But for endurance athletes training for a race, a common concern is how donating blood will affect their ability to train and race. When is is safe to exercise after giving blood and what should you expect as far as your performance?

How does donating blood affect athletic performance?

Endurance athletes have long known that receiving blood transfusions may enhance exercise performance by increasing hemoglobin concentration and allowing for improved oxygen delivery to the cells. So the logic stands that many athletes wonder if donating blood can have the opposite effect: Can lowering hemoglobin concentration by donating blood negatively impact exercise performance? Fortunately, there is a reasonable body of evidence on the subject that can help athletes make an educated decision on this important question.

After a typical blood donation, hemoglobin levels do indeed predictably decrease by an average of 7 percent and remain depressed for at least 14 days after donation. By then, they have recovered by about half, to a 4 percent decrease from pre-donation levels, according to a 2017 study in Transfusion. Hematocrit, or the measure of what percentage of blood volume is made up of red blood cells, also decreases for the first few days after a donation. Hematocrit also decreases by 5 percent 48 hours after donation, recovers within two weeks after the donation. This is because the new cells that have been synthesized in that two-week period contain less hemoglobin than more mature cells. As a result, the hematocrit recovers more quickly than the hemoglobin concentration.

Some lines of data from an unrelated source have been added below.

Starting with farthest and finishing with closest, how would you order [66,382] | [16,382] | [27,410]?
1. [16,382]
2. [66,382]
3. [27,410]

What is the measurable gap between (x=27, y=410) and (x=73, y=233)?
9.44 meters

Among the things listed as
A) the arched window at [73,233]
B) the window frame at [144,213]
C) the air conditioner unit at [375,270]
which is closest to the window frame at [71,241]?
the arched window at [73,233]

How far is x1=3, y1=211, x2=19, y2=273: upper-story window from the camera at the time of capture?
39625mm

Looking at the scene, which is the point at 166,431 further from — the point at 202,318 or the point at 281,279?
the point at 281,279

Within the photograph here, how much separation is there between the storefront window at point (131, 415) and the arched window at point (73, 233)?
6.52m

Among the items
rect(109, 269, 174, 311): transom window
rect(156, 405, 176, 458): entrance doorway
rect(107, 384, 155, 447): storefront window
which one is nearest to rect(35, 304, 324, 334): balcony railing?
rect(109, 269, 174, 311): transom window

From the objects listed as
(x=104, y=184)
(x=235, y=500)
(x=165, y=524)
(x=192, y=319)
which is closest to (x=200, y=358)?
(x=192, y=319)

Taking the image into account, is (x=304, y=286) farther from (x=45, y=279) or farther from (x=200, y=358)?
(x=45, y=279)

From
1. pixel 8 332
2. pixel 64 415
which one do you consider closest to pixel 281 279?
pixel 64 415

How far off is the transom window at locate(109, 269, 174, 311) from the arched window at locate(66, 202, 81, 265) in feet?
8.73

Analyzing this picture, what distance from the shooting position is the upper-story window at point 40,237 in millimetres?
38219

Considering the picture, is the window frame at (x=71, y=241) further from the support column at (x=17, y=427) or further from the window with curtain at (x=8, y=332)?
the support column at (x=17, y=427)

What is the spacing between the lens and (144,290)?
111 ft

Because hemoglobin is needed for carrying oxygen to tissues in the body, the decrease in hemoglobin seen with blood donation is associated with a decrease in oxygen-carrying capacity and delivery, accounting for a measurable 7 percent decrease in VO2 max in the 24-48 hours after donation. Interestingly, this decrease completely disappears by day three, suggesting that blood volume has re-expanded by that point and increases in heart rate likely compensate for the decreased hemoglobin to restore oxygen delivery to normal. Because VO2 max is a measure of oxygen utilization by peripheral tissues, if oxygen delivery is restored to near-normal levels by the third day after a donation, then it makes sense that VO2 max would recover, as cellular metabolism is unaffected by hemoglobin levels alone.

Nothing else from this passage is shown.